Problem description – Among the entries below, only the lines starting at the one with "2024 Toyota CROWN SPORT thumbnail 19" and ending at the one with "Fourth view of", both included, are to be printed exactly.

Saved data entries
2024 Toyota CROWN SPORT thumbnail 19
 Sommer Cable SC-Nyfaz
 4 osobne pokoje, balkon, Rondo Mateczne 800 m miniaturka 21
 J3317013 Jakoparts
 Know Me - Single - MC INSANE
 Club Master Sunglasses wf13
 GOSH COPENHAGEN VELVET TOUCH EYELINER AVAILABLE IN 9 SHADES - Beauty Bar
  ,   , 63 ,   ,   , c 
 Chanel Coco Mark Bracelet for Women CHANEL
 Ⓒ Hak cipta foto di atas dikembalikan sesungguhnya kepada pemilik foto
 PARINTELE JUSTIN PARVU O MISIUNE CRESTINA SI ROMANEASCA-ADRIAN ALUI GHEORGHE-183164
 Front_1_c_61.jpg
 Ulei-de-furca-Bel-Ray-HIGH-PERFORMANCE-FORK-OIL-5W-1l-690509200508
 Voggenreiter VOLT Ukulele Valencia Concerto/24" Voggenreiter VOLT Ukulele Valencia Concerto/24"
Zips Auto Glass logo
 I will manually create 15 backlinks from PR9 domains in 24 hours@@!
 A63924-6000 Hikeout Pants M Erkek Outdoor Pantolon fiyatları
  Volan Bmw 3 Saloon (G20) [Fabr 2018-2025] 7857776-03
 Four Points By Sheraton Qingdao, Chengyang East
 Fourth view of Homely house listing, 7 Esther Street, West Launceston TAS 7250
* * *
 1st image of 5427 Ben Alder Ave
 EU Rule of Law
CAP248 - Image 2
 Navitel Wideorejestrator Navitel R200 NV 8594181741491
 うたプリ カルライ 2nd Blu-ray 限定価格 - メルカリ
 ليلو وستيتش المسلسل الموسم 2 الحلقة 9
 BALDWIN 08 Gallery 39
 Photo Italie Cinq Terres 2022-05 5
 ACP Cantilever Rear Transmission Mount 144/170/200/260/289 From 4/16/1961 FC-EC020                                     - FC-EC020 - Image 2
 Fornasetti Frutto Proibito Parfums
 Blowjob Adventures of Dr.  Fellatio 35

Reply –
2024 Toyota CROWN SPORT thumbnail 19
 Sommer Cable SC-Nyfaz
 4 osobne pokoje, balkon, Rondo Mateczne 800 m miniaturka 21
 J3317013 Jakoparts
 Know Me - Single - MC INSANE
 Club Master Sunglasses wf13
 GOSH COPENHAGEN VELVET TOUCH EYELINER AVAILABLE IN 9 SHADES - Beauty Bar
  ,   , 63 ,   ,   , c 
 Chanel Coco Mark Bracelet for Women CHANEL
 Ⓒ Hak cipta foto di atas dikembalikan sesungguhnya kepada pemilik foto
 PARINTELE JUSTIN PARVU O MISIUNE CRESTINA SI ROMANEASCA-ADRIAN ALUI GHEORGHE-183164
 Front_1_c_61.jpg
 Ulei-de-furca-Bel-Ray-HIGH-PERFORMANCE-FORK-OIL-5W-1l-690509200508
 Voggenreiter VOLT Ukulele Valencia Concerto/24" Voggenreiter VOLT Ukulele Valencia Concerto/24"
Zips Auto Glass logo
 I will manually create 15 backlinks from PR9 domains in 24 hours@@!
 A63924-6000 Hikeout Pants M Erkek Outdoor Pantolon fiyatları
  Volan Bmw 3 Saloon (G20) [Fabr 2018-2025] 7857776-03
 Four Points By Sheraton Qingdao, Chengyang East
 Fourth view of Homely house listing, 7 Esther Street, West Launceston TAS 7250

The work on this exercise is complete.